Existing audio-language models typically employ frame-independent audio encoders, which struggle to capture cross-frame semantic dependencies, resulting in semantically impoverished discrete tokens and suboptimal compression efficiency. To address this, we propose a semantic-aware low-bitrate audio codec tokenizer: it introduces learnable query tokens and leverages query-based attention to enable global contextual modeling; and jointly optimizes masked autoencoding, semantic-prior-guided vector quantization, and autoregressive prediction losses to enhance both semantic representation fidelity and reconstruction quality. To the best of our knowledge, this is the first query-based global audio compression framework. It achieves state-of-the-art reconstruction quality at significantly lower bitrates and substantially improves both understanding and generation capabilities within unified audio-language models.

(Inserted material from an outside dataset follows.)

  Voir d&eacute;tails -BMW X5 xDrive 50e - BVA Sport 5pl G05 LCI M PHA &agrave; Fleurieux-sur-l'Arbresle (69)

Recent advancements in audio language models have underscored the pivotal role of audio tokenization, which converts audio signals into discrete tokens, thereby facilitating the application of language model architectures to the audio domain. In this study, we introduce ALMTokenizer, a novel low-bitrate and semantically rich audio codec tokenizer for audio language models. Prior methods, such as Encodec, typically encode individual audio frames into discrete tokens without considering the use of context information across frames. Unlike these methods, we introduce a novel query-based compression strategy to capture holistic information with a set of learnable query tokens by explicitly modeling the context information across frames. This design not only enables the codec model to capture more semantic information but also encodes the audio signal with fewer token sequences. Additionally, to enhance the semantic information in audio codec models, we introduce the following: (1) A masked autoencoder (MAE) loss, (2) Vector quantization based on semantic priors, and (3) An autoregressive (AR) prediction loss. As a result, ALMTokenizer achieves competitive reconstruction performance relative to state-of-the-art approaches while operating at a lower bitrate. Within the same audio language model framework, ALMTokenizer outperforms previous tokenizers in audio understanding and generation tasks.